GloR1ouS_
kevinc313
Sorry man, I'm with Bavor on this one. Everything you're doing is too inconsistent to conclusively sus out that the driver is causing lower single digit percentage variations. Sure, if there's large variation due to a major driver defect what you're doing will pick it up, but beyond that no.
A couple google searches would show you that a lot of people have had nightmarish experiences with 3000 series drivers. EVGA's forums used to be top tier with knowledge but it seems things have changed. Check reddit, nvidias forums, linus ect and tell me I am wrong. I have watched many videos on this and I know it makes a difference with a well optimized windows. Keep being sheeple as far as I am concerned.
You are wrong because your testing methods are inconsistent, not repeatable, and don't account for the other variables. That's the issue we have with your claims. It doesn't matter that there have been occasional driver issue in drivers. The simple fact is you made claims without detailed info about your testing methods until after your testing methods were called into question. Then you later claimed to have certain testing methods that you didn't originally state. Even then your testing methods can't be considered reliable and accurate. When testing different drivers you have to account for every external variable. You aren't doing that because of your testing methods. Not we can't take your word that you originally used those testing methods because anyone can make something up after the fact. In addition to that, the video also shows inconsistent and inaccurate testing methods that don't account for all variables.
Your methods are being called into question so that makes your results unreliable at best. You are taking it personally and resorting to name calling instead of repeating the test with better testing methods.
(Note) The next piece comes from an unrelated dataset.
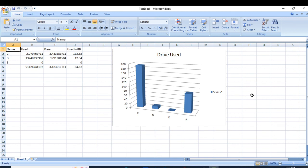So guys, this was all about creating charts in Excel. I hope you found it very useful. In case you find it useful and want me to create more videos on this, then please give a thumbs up and comment in the comment section. Thank you very much.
If the variations in game performance youa re claiming existed, thousands of people would notice it and would have reported it. Searching various forums and Google hasn't yielded any results showing that the driver versions that were listed caused significant issues for a large number of people or anyone really.
In my experience, when testing different drivers for both Nvidia and AMD, its rare to have a larger than 2% variance in average FPS and 1% low FPS for both games and synthetic benchmarks between driver versions. Yes there are a few rare exceptions, but those are very few and far between and never as large as you are claiming. The biggest difference I've seen between driver versions for port royal can be considered to be within margin of error. I saw a consistent ~200 point difference between two driver versions in Port Royal after multiple benchmark runs with all the variables controlled as much as possible and 15+ minutes of cool down between benchmark runs. However that ws 200 points in a system that scores 29,000+ points in ambient conditions. That's less than a 0.7% variation between drivers after testing multiple drivers. I've seen variations between drivers and Time Spy and Fire Strike that were between 1% and 2%, but often that can be counted as within margin of error.
For CS:GO, Rainbow Six Siege, and WoT at 1080p, small variations in other components of the system usually have a much larger effect than Nvidia driver versions. With an air cooled GPU, I've seen bigger variations in those games with a 5C difference in GPU temperature(allowing a slightly faster GPU clock for a short time) than with different driver versions. I've also seen much bigger variations than different driver versions in those games if you allow the CPU to control its own clock speed than locking the CPU to one clock speed for all cores.